**Instructions to follow**
Nothing but the lines below from the one holding "Super slow-motion of" up to and including the one holding "Photo of the" should be copied, exactly and without pictures.

**Material provided**
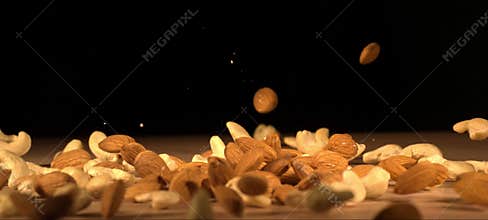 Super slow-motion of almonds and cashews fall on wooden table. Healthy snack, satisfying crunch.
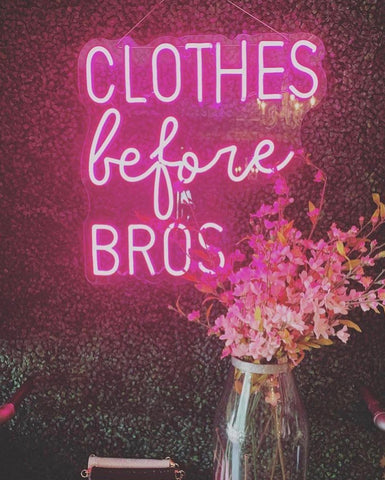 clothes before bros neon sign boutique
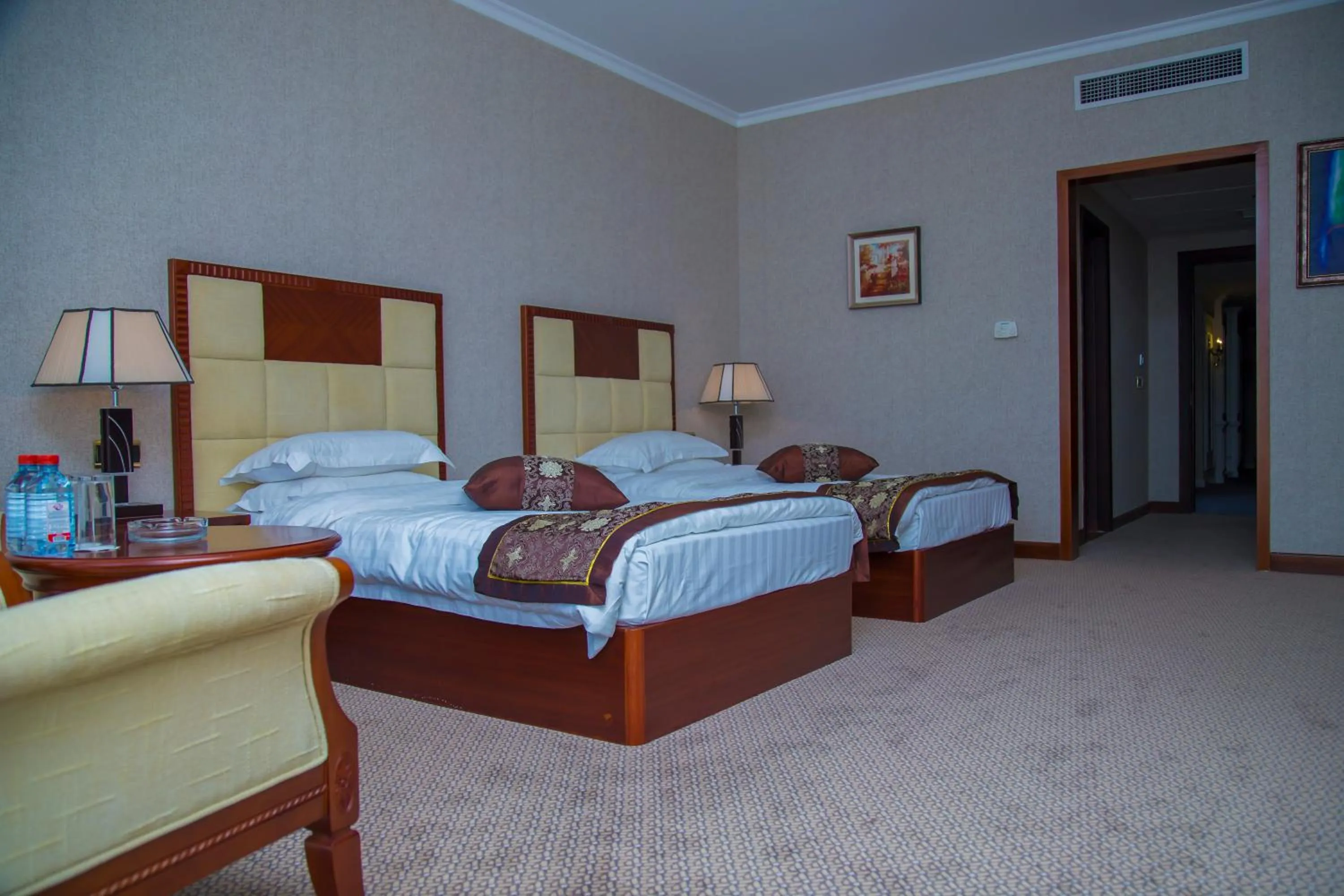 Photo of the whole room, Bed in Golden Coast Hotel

...

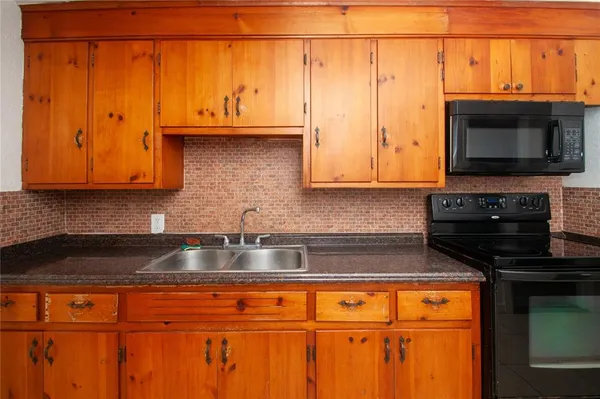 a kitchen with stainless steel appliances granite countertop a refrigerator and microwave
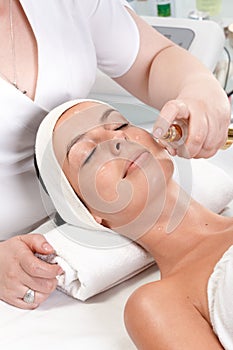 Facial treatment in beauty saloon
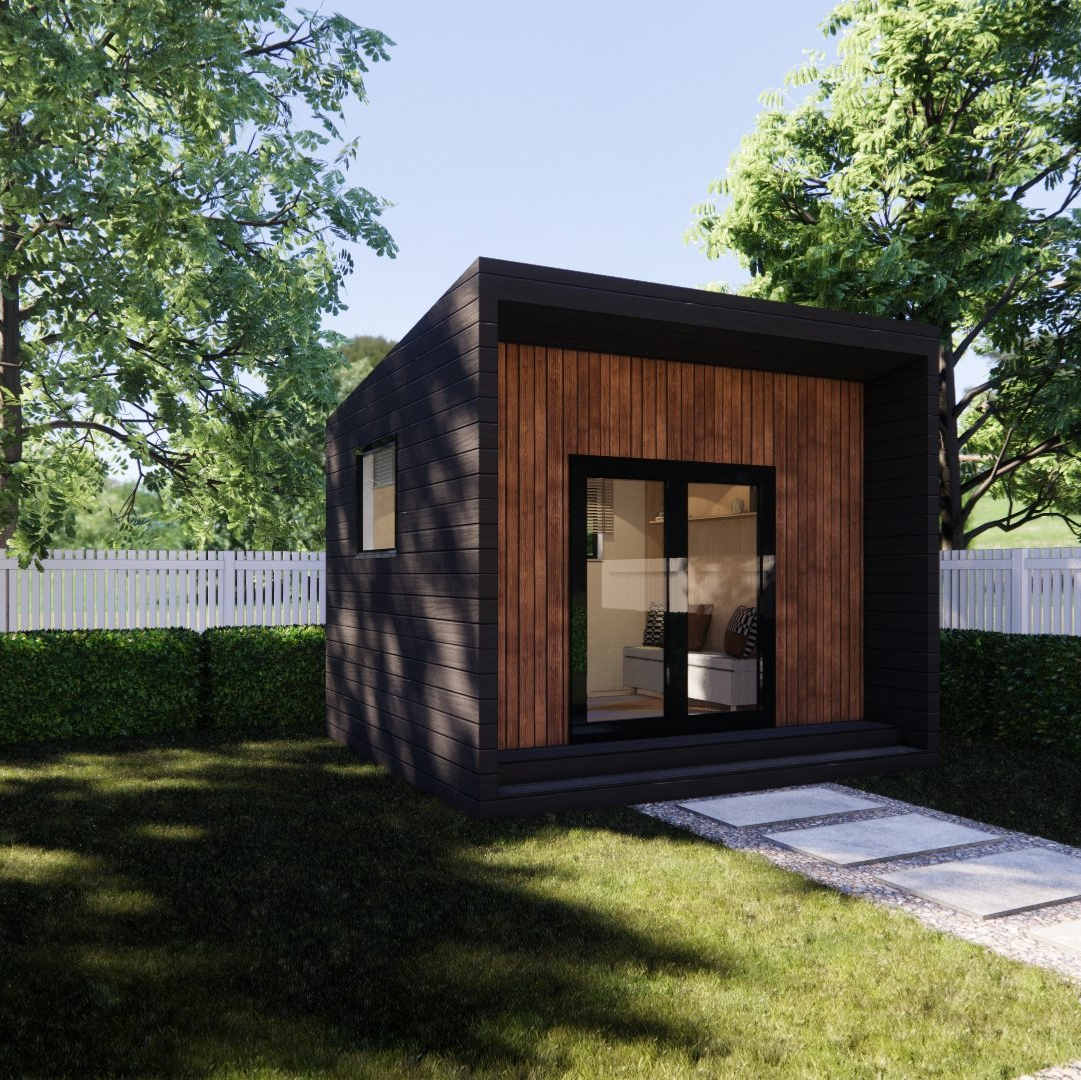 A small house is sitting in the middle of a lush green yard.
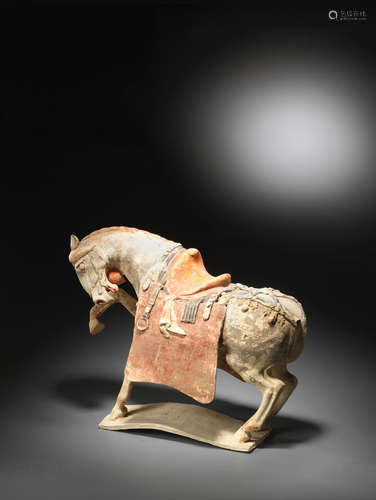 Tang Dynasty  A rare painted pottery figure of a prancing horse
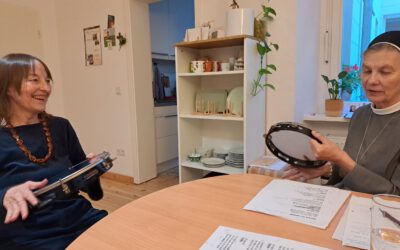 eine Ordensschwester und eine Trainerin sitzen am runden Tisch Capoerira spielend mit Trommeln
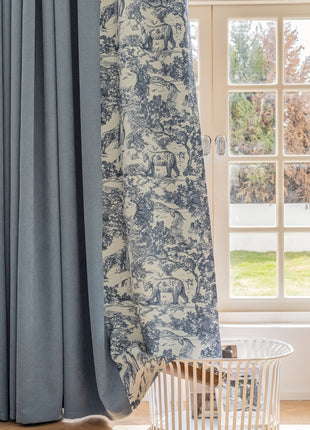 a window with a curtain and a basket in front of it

==

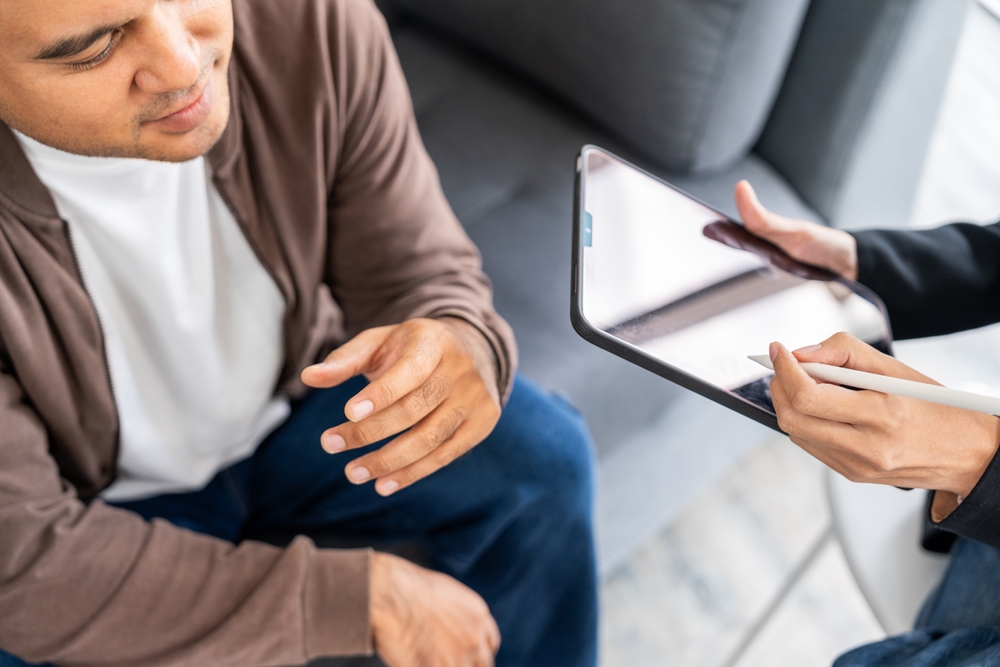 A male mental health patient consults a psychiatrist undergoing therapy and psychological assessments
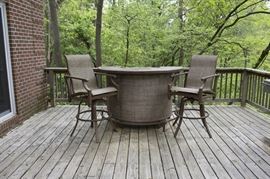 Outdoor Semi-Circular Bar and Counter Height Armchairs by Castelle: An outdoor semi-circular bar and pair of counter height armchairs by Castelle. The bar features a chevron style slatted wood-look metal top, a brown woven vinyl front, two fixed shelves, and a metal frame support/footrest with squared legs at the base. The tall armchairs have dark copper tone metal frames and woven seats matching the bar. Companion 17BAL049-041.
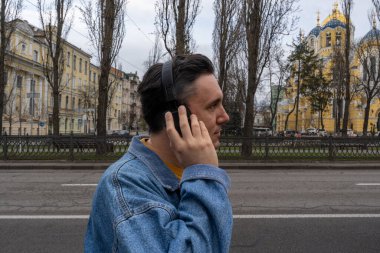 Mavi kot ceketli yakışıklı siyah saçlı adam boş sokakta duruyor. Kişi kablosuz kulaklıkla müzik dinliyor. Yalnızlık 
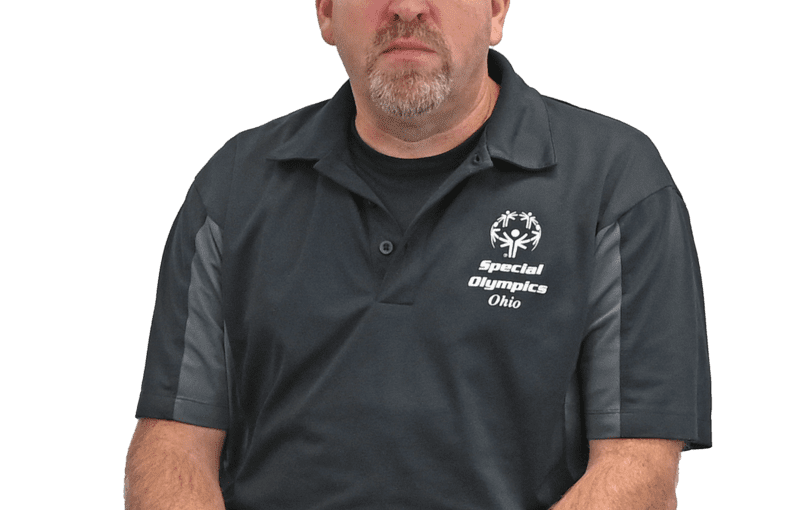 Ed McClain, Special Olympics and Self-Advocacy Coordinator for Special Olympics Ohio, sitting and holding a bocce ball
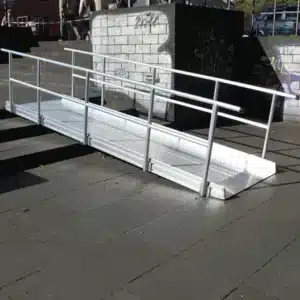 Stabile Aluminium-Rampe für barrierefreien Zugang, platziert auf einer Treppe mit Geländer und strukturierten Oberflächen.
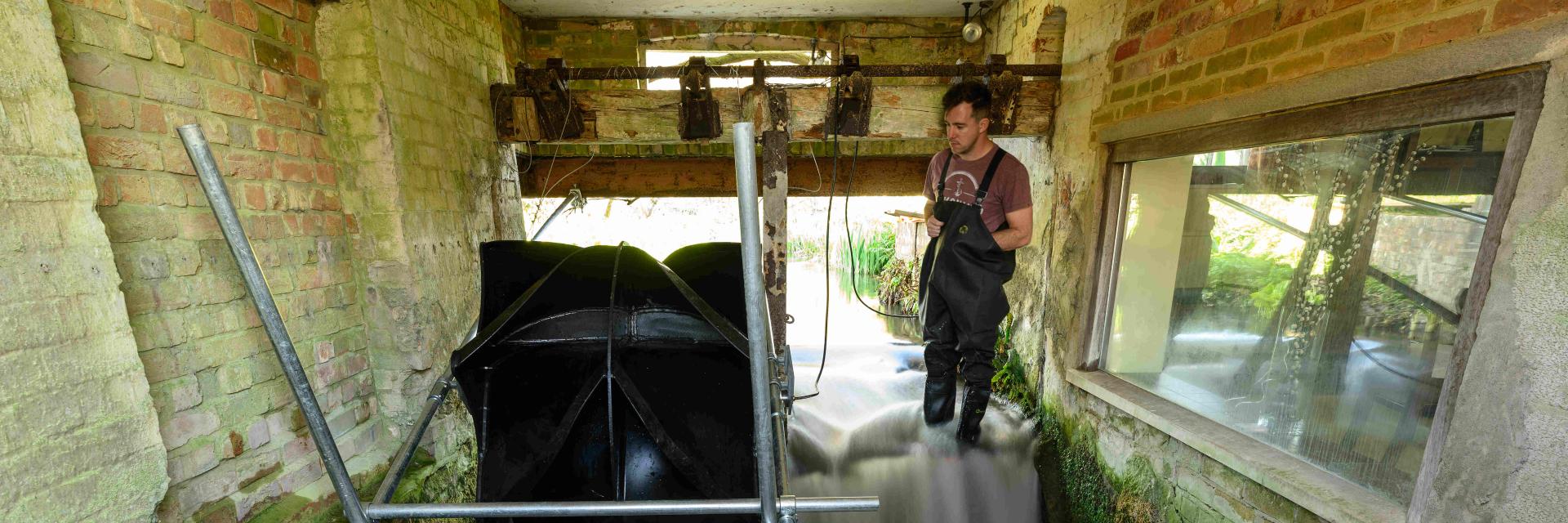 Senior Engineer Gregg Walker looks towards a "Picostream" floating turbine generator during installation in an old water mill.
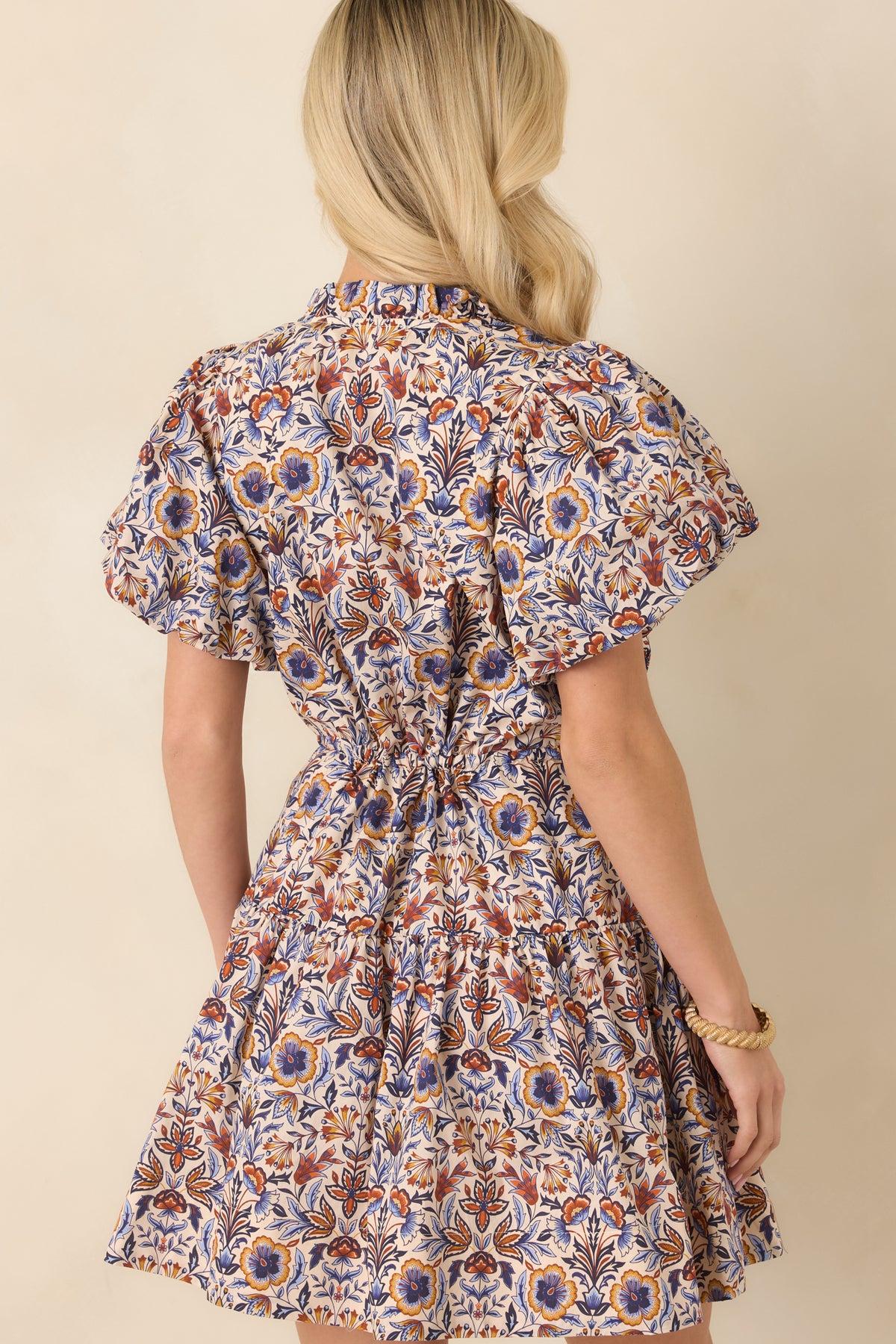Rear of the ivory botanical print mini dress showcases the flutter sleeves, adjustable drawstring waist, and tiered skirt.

**Result of the exercise**
 Super slow-motion of almonds and cashews fall on wooden table. Healthy snack, satisfying crunch.
 clothes before bros neon sign boutique
 Photo of the whole room, Bed in Golden Coast Hotel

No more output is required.